Isso não seria uma ideia antiquada de masculinidade?

Não, não sei se antiquada. Talvez o nome internacional do filme seja Heroes. Eu acho que o filme fala muito da masculinidade no sentido de olhar para os personagens masculinos quase como se eles fossem grandes heróis, infalíveis, grandiosos e potentes e, ao mesmo tempo, o que tem no filme que é muito bonito e que me interessa é ver como esses personagens se vulnerabilizam.

Eu não sei se é uma ideia antiquada ou não, mas a masculinidade como uma força monolítica, que não consegue incorporar a questão da fragilidade, da vulnerabilidade, é o que o filme tenta retratar, ou seja, como esses super-heróis – cada um dos três personagens do filme é um pouco inspirado em super-heróis – como eles se fragilizam, como se vulnerabilizam e como eles se humanizam.

São muitas referências, você falou dos super-heróis, existe o Aquaman, existe o Speed Racer, não é isso?

Sim, existe certa referência a esses super-heróis masculinos, que é o Aquaman, o Speed Racer. Existem referências a pilotos de moto, inclusive um dos nomes dos personagens, que é o irmão mais novo do Donato, é Ayrton, em homenagem ao Ayrton Senna. Então há toda uma referência a esses personagens masculinos que são figuras heróicas e infalíveis.

E o filme fala basicamente da história de um cara que é um grande herói, um salva-vidas, que é um cara que tem uma relação forte com a água e como ele comete uma falha trágica que é sumir, deixar para trás toda uma estrutura afetiva, para recomeçar. Então, no filme, há uma grande vontade de falar como a masculinidade também é extremamente frágil.

E a questão do abandono é algo que está presente em todos os seus filmes...

Acho que a questão do abandono permeia todos os meus filmes.
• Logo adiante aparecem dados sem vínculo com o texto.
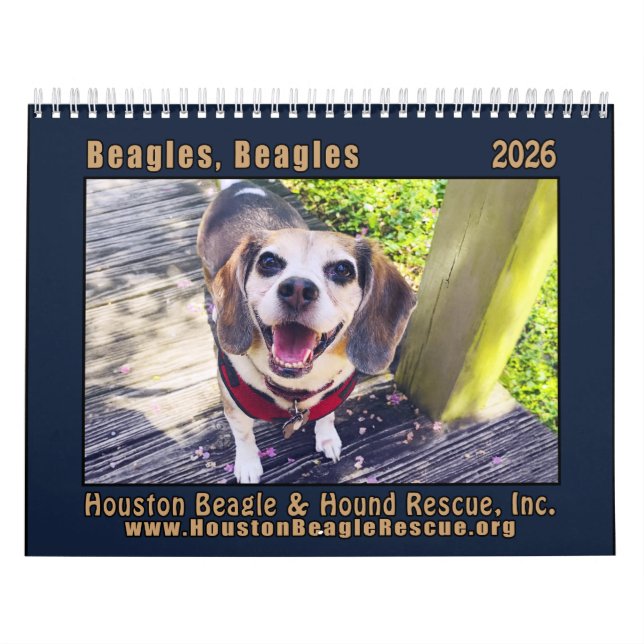 Calendrier mural Beagles Beagles 2026 (Protection)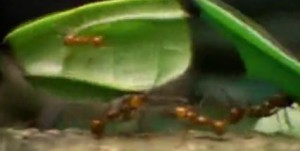 Faignante, Ce soir : La Cité des Foumis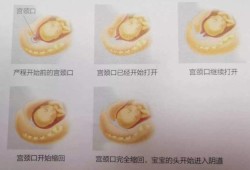宫缩时胎儿在干嘛（宫缩时胎儿在干嘛图片）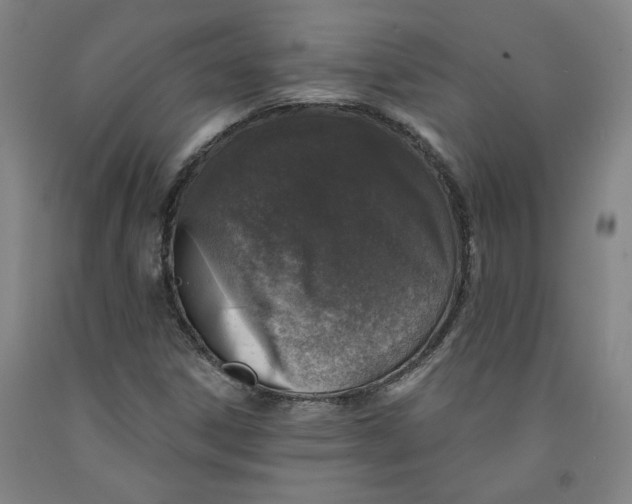 X0000091951306200709271318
É uma questão que é muito importante para mim, mas que eu tento retratar sem passar necessariamente por um lugar autobiográfico. Tento ver como um fato tão grande como o abandono pode gerar algo produtivo, pode gerar vida ao invés de morte.
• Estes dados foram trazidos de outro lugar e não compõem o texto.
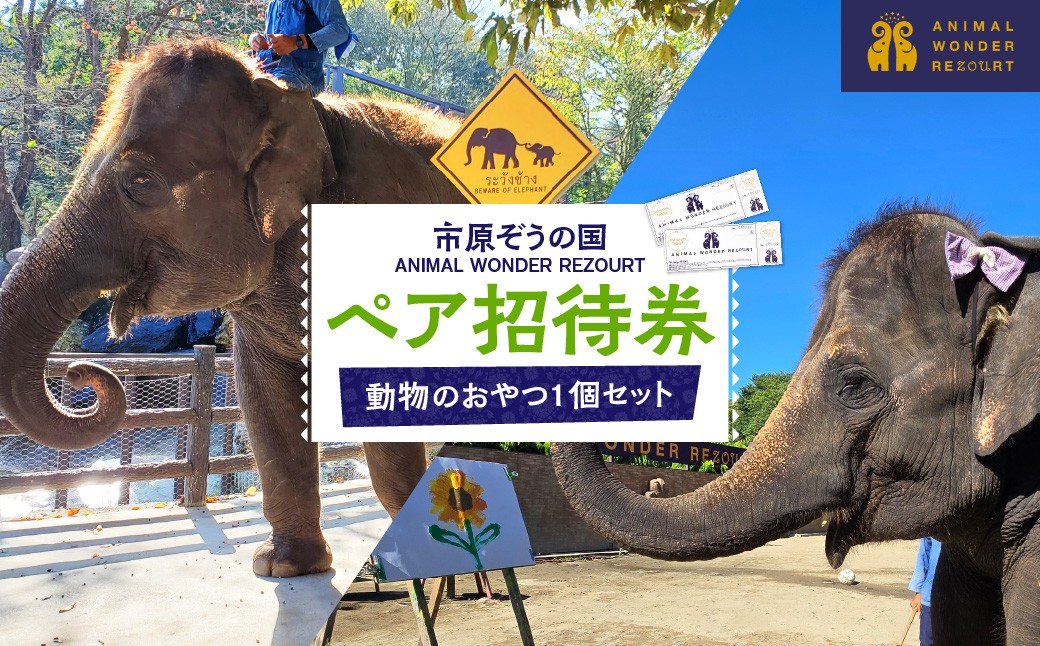 
                  市原ぞうの国 ペア招待券＋動物のおやつ1個セット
Este filme parece ter muitas referências. Você está filmando primeiro a parte final do filme...

Estamos filmando esse filme ao contrário. Por um lado, isso é muito delicado, porque você tem que imaginar como vai ser o começo antes de ter filmado. Ao mesmo tempo há uma coisa bonita. Como estamos começando pelo fim, eu acho que a compreensão do fim do filme vai nos ajudar a entender o começo e o meio da narrativa.

E o que os atores estão achando do trabalho na Alemanha?

Esse filme tem uma coisa muito particular: os atores estão envolvidos no processo há muito tempo, então eu acho que há uma coisa bacana, que eles estão gostando muito, que é a experiência de fazer o filme, mais do que simplesmente fazer o filme.

Eu queria muito também que esse filme fosse uma experiência para a equipe, para os próprios atores. Por exemplo, os dois atores principais brasileiros estão aqui há dois meses. O Clemens foi para o Brasil já no começo de janeiro para conhecer e ter uma memória do lugar, já que a gente está filmando fora da ordem, e depois vai passar mais um mês no Brasil. Então, para os atores, tanto para os brasileiros quanto para o ator alemão, trata-se de uma questão de experimentar uma nova cultura, um novo contexto.